As the discussion, supra, regarding Clause 7 shows, there is no evidence that class E shares will receive dividends. The argument that class E shares are entitled to additional share distributions because they are comparable to dividends, and the Articles of Incorporation provide that all shares are entitled to dividends, is therefore unconvincing. While the record does reveal that prior classes received additional share distributions, those prior classes also explicitly had rights to dividends. Under the terms of the Articles of Incorporation, class E shares are precluded from receiving dividends.
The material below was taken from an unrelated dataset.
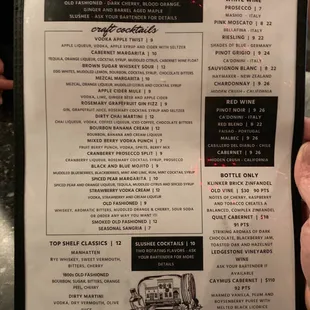 Menu from 12/16/2022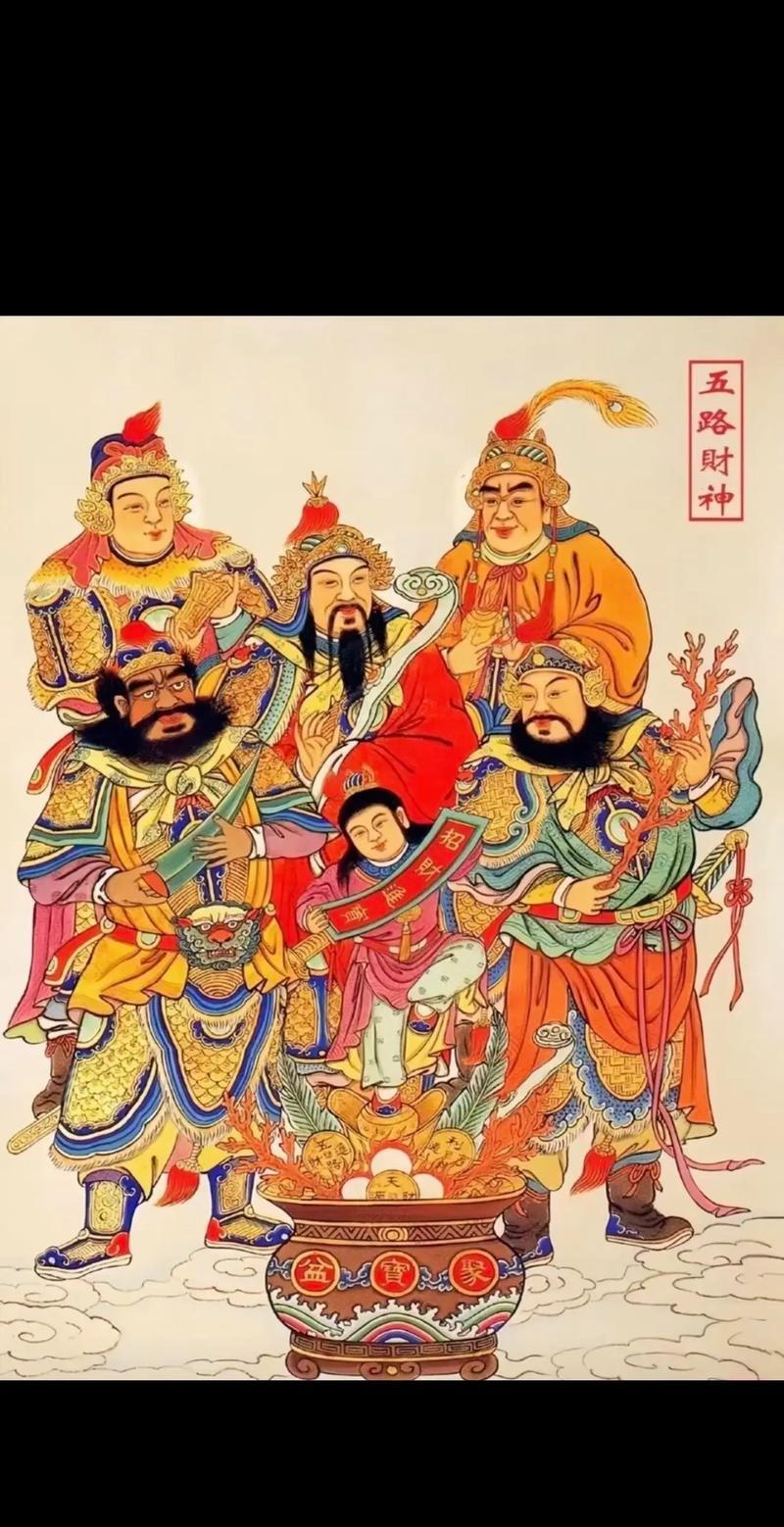 欲钱看门神打一数字,欲钱看门神是什么数字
The court therefore finds Commerce’s determination that class E shareholders would not be deprived of capital gains due to any resale restrictions or conditions to be unsupported by substantial evidence on the administrative record.

Conclusion

The court finds Commerce’s determination that (1) class E shareholders would not be deprived of capital gains due to any resale restrictions or conditions and (2) class E shares are entitled to receive dividend and liquidation distributions to be unsupported by substantial evidence on the record. Therefore, the court holds that Commerce’s determination that the purchase of class E shares in 1991 was consistent with commercial considerations to be unsupported by substantial evidence on the administrative record. The court remands this action to Commerce to determine the appropriate countervailing duty for GOV’s equity infusion into FESILVEN in 1991.